Material for the task
# # # #

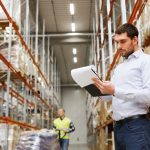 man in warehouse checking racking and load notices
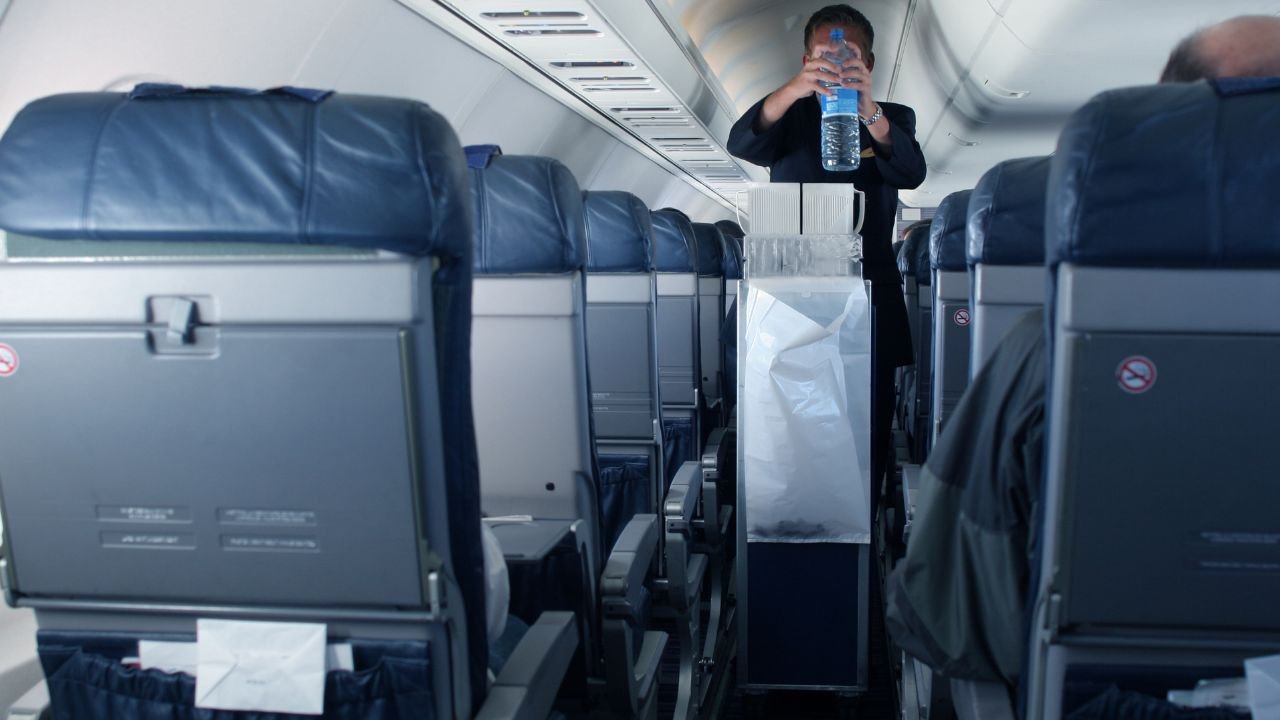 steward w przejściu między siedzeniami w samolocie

# # # #

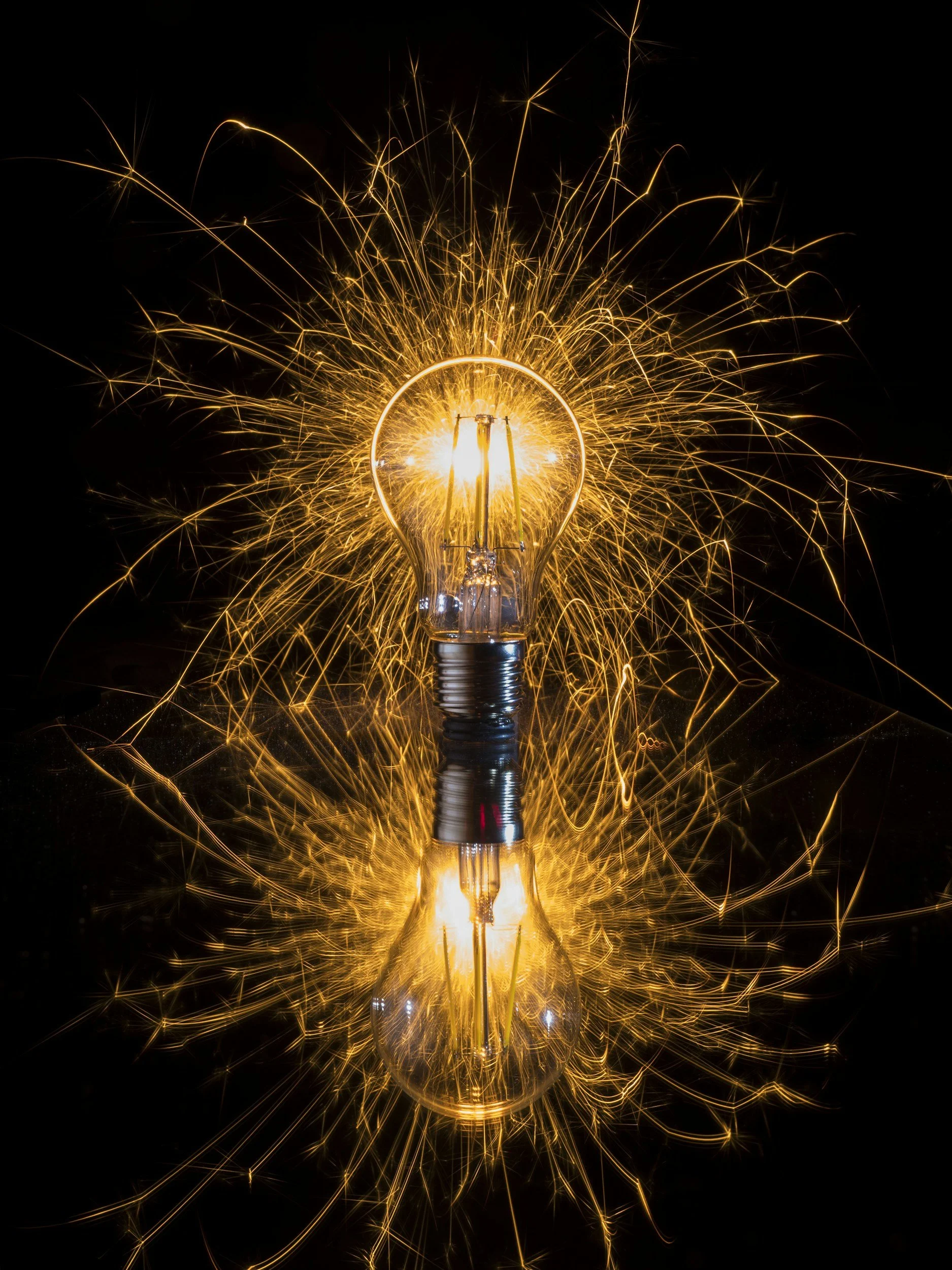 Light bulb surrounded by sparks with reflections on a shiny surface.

# # # #

Exercise
In the listing above, find the line containing "man in warehouse" and the line containing "steward w przejściu", then write out both of them and every line between, exactly, with no pictures.

Finished task
 man in warehouse checking racking and load notices
 steward w przejściu między siedzeniami w samolocie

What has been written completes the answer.